REQUIRED - Field must have value
NULLABLE - Field can be NULL (default)
REPEATED - Field is an array

Auto-detect Schema

bash

bq load \
  --source_format=CSV \
  --autodetect \
  dataset.table \
  gs://bucket/data.csv

Pros:

Quick for exploration
No schema definition needed

Cons:

Not reliable for production
Schema may change between loads
May misinterpret types

Schema Evolution

Add new columns:

bash

bq load \
  --source_format=CSV \
  --schema_update_option=ALLOW_FIELD_ADDITION \
  dataset.table \
  gs://bucket/data_with_new_column.csv \
  schema.json

Relax required columns:

bash

bq load \
  --schema_update_option=ALLOW_FIELD_RELAXATION \
  dataset.table \
  gs://bucket/data.csv \
  schema.json

Compression

Compressed Files

BigQuery automatically detects compression:

bash

# Gzip compressed CSV
bq load \
  --source_format=CSV \
  dataset.table \
  gs://bucket/data.csv.gz \
  schema.json

Supported: GZIP, DEFLATE, SNAPPY, BZIP2, LZ4, ZSTD

Performance note: Uncompressed files load faster (parallel processing).
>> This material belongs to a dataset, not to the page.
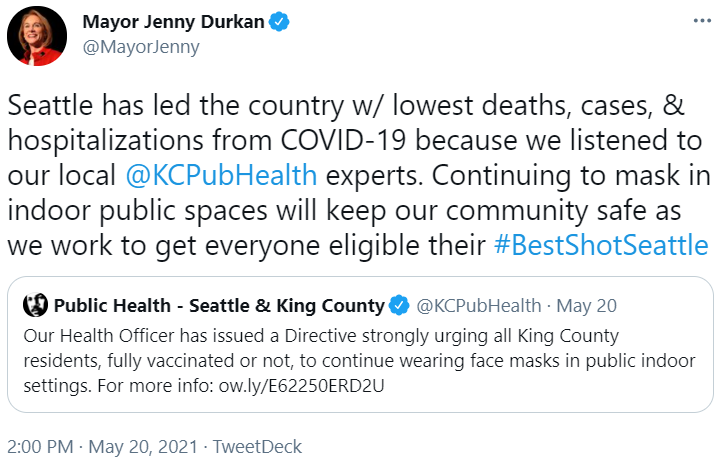 Tweet from Mayor Durkan about health directive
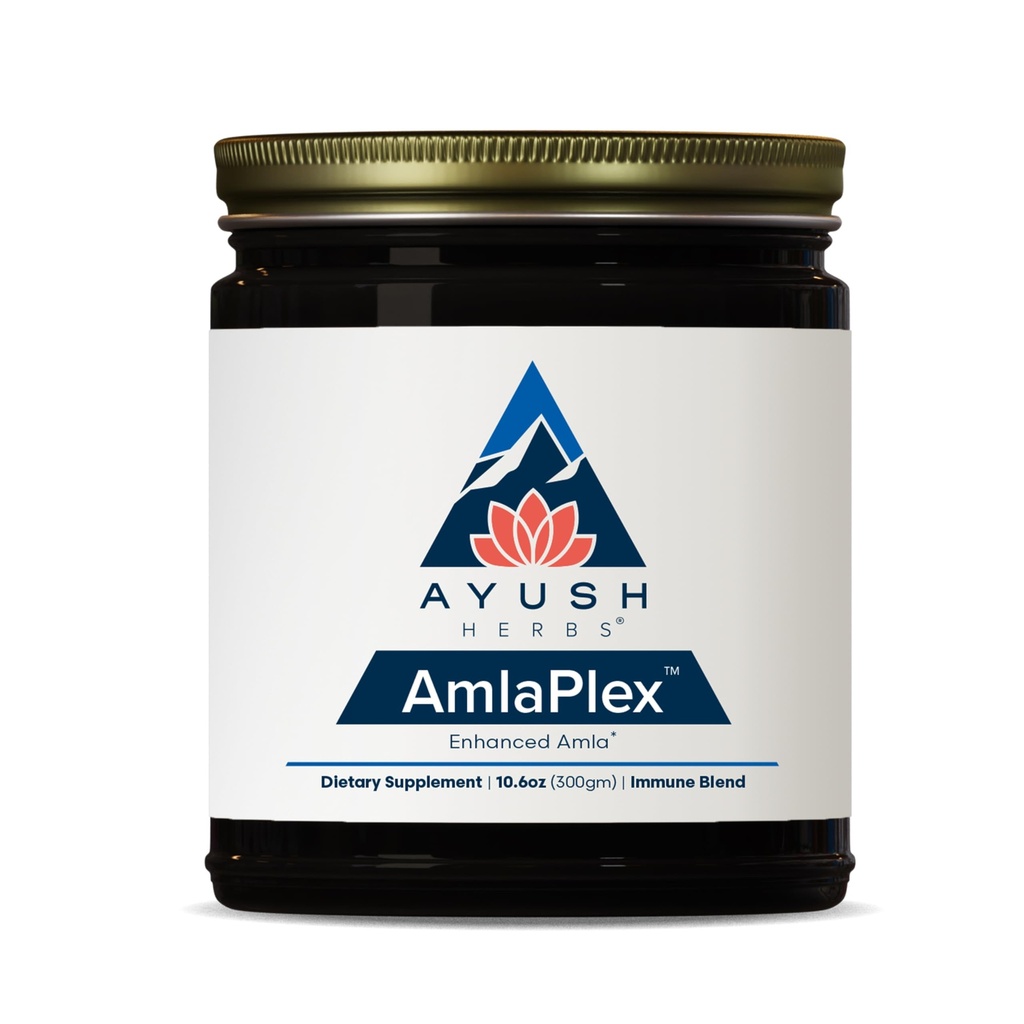 Ayush Herbs AmlaPlex - Amla Jam, Chyawanprash for Immune Support & Digestive Health, Chyavanprash, Indian Honey Jam with Amla, Ashwagandha - 10,6 oz Jar (1 Count)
Use compression only if network/storage is bottleneck.

Error Handling

Allow Bad Records

bash

bq load \
  --source_format=CSV \
  --max_bad_records=1000 \
  dataset.table \
  gs://bucket/data.csv \
  schema.json

Behavior: Skip up to 1000 rows with errors, load the rest.

Ignore Unknown Values

bash

bq load \
  --source_format=JSON \
  --ignore_unknown_values \
  dataset.table \
  gs://bucket/data.json \
  schema.json

Behavior: Ignore JSON fields not in schema.

Validate Only (Dry Run)

bash

bq load \
  --dry_run \
  --source_format=CSV \
  dataset.table \
  gs://bucket/data.csv \
  schema.json

Behavior: Validate schema and format without loading data.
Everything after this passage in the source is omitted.